Doctors on Thursday published evidence backing calls for treating HIV-infected patients before their immune system crashes below a commonly-recognised threshold of damage inflicted by the AIDS virus.
Highly active antiretroviral therapy (HAART) began to overturn the automatic death sentence associated with AIDS after this powerful cocktail of drugs was introduced in 1996.But a big question is when someone infected with the human immunodeficiency virus (HIV) should start to take the drugs.
Physicians have to balance the benefits of restoring immune defences against the risk of the treatment's side effects, which can be toxic.

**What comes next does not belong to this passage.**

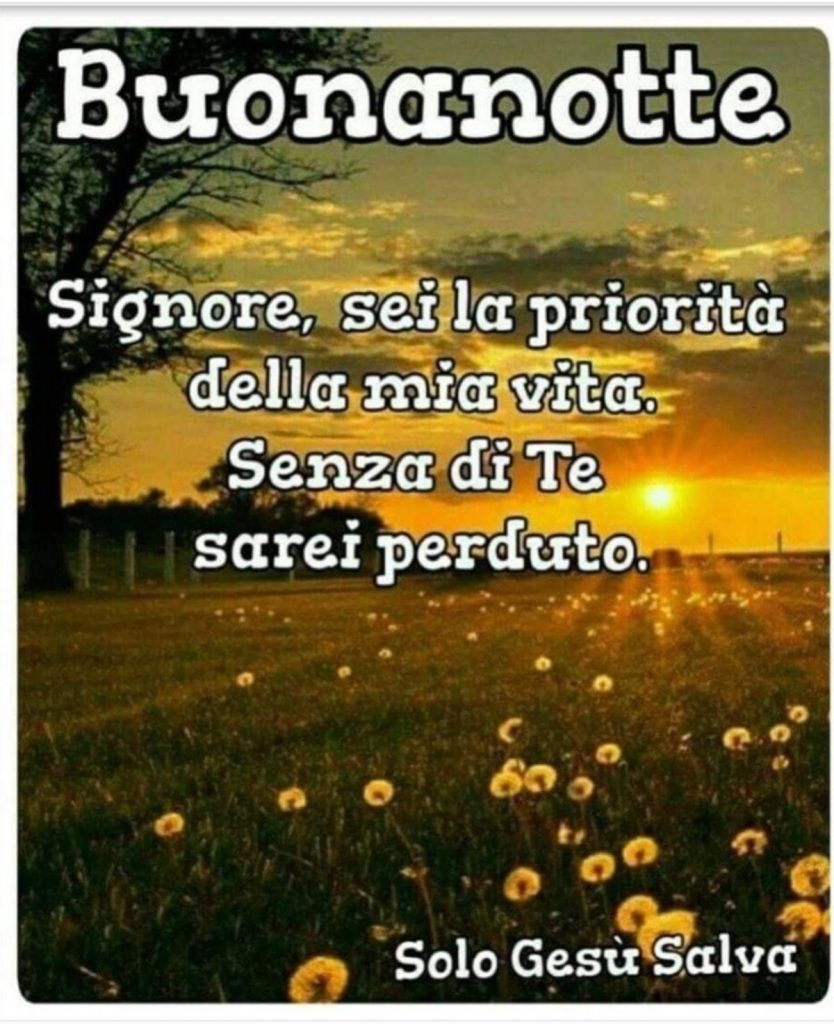 Buonanotte. Signore, sei la priorità della mia vita. Senza di Te sarei perduto.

There is no universal guideline for when HAART should be administered, but a common recommendation is to start the drugs when there are fewer than 200-250 CD4 cells -- key immune cells that are attacked by the virus -- per microlitre of blood.
Some researchers say this threshold is too low and lives can be saved if drugs are started sooner, although hard evidence to back this is sketchy.
In a paper published in The Lancet on Thursday, a team led by Jonathan Sterne of Britain's University of Bristol compared studies that followed more than 45,000 HIV-infected people in Europe and North America before and after the HAART era.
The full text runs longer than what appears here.